From the outset the Anarcho-Syndicalists were clear about what it would take to establish libertarian socialism.
In 1917, according to the Petrograd Union of Anarcho-syndicalist Propaganda :
“The whole expanse of Russia is now covered by an intricate network of popular organizations: soviets of peasants’, workers’ and soldiers’ deputies, industrial unions, factory committees, unions of landless peasants, etc., etc. And with each day the conviction is growing among the toiling masses that only the people themselves, through their own non-party organizations, can accomplish the task of a fundamental social and economic reconstruction.” [June 1917 “Petrograd Union of Anarcho-Syndicalist Propaganda”]
As Maximoff also points out:
“The idea of “workers’ control”, carried out through the Factory Committees, an idea advocated by the Anarcho-Syndicalists from the very outset of the revolution, took root among the city workers, gaining such a strong hold on them as to force its acceptance, in a distorted form, of course, by the Socialist parties. The Social Democrats and the right Social-Revolutionists twisted this idea of workers’ control into that of State control over industry, with the participation of workers, leaving enterprises in the hands of the capitalists. As for the Bolsheviks, they were quite vague about the meaning of the term “workers’ control”, leaving it undefined, and making it a handy tool of demagogic propaganda.” [Syndicalists in the Russian Revolution]

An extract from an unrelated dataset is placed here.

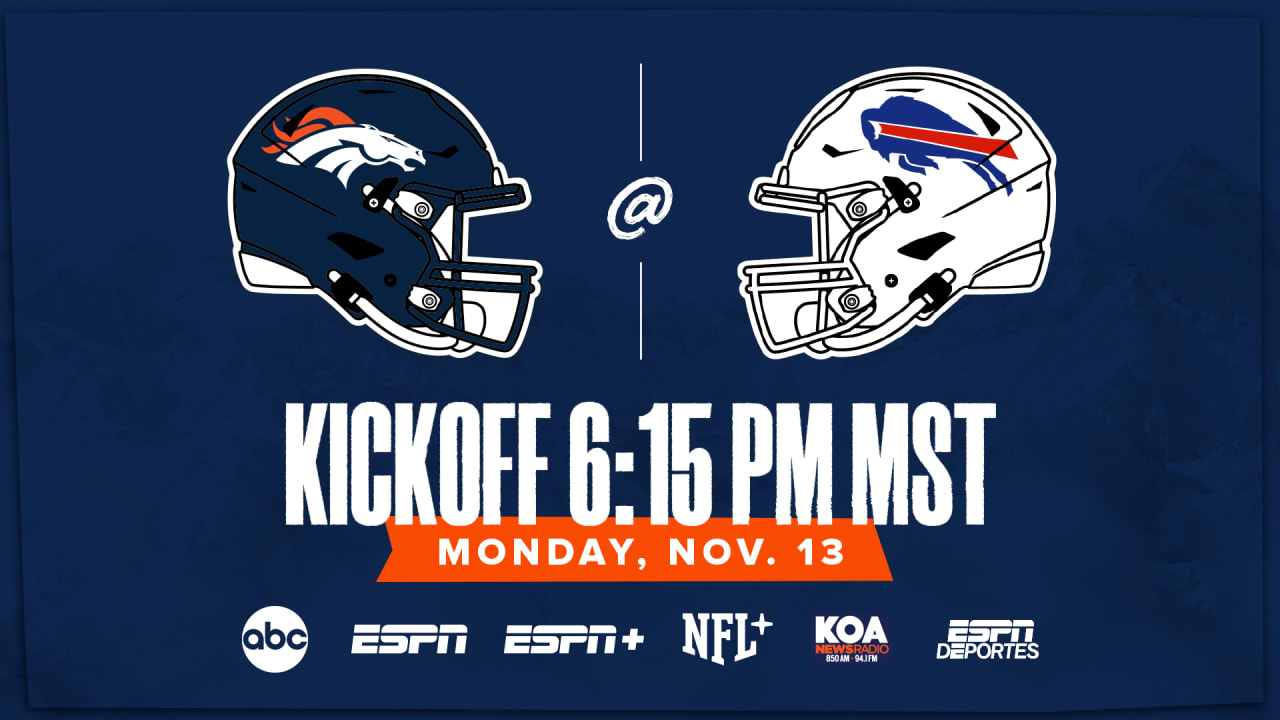 How to Watch Chiefs vs. Bills Playoff Football Game Online Free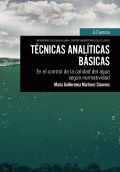 TÉCNICAS ANALÍTICAS BÁSICAS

The Bolsheviks concept of “workers control” was, at best, weak kneed and “merely legalized gains the workers committee movement in Russia had already achieved through class fights during 1917.”
[“Debate with the International Socialist Organization “ By Tom Wetzel, https://zcomm.org/zblogs/debate-with-the-international-socialist- organization-by-tom-wetzel/ ]
Anotherwords, The State and The Party, not the self-governing and independent non-state organizations of citizens, peasants and workers were to rule, to be in charge, to manage and control. The very antithesis of the slogan “All power to the soviets” and libertarian and grass roots oriented aims at the start of the revolution. The end of the revolutionary and constructive phase was at its end.
In drawing this to a close,
I thought Ida Mett, in her 1938 epic pamphlet “The Kronstadt Commune” put her finger on the pulse of the “socialist project”. The project of yesterday and today.
She observed that :
“The great ideological and political discussion between ‘realists’ and ‘dreamers’ between ‘scientific socialists’ and the ‘revolutionary volnitza ‘[or ‘open conference’.] was fought out, weapons in hand. It ended, in 1921, with the political and military defeat of the ‘dreamers’. But Stalin was to prove to the whole world that this defeat was also the defeat of socialism, .…”
The defeat of Kronstadt was the final defeat of what workers and citizen’s self-management might become.
Fifty years on I continue to be inspired by the libertarian tendencies of the Russian workers, the heroic Kronstadt sailors, the Paris Commune, the Spanish collectives and other struggles, for freedom from oppression, for a socialism that is self-managed and libertarian. The creation of a new society from below.
It is in their spirit that we carry on the struggle for freedom.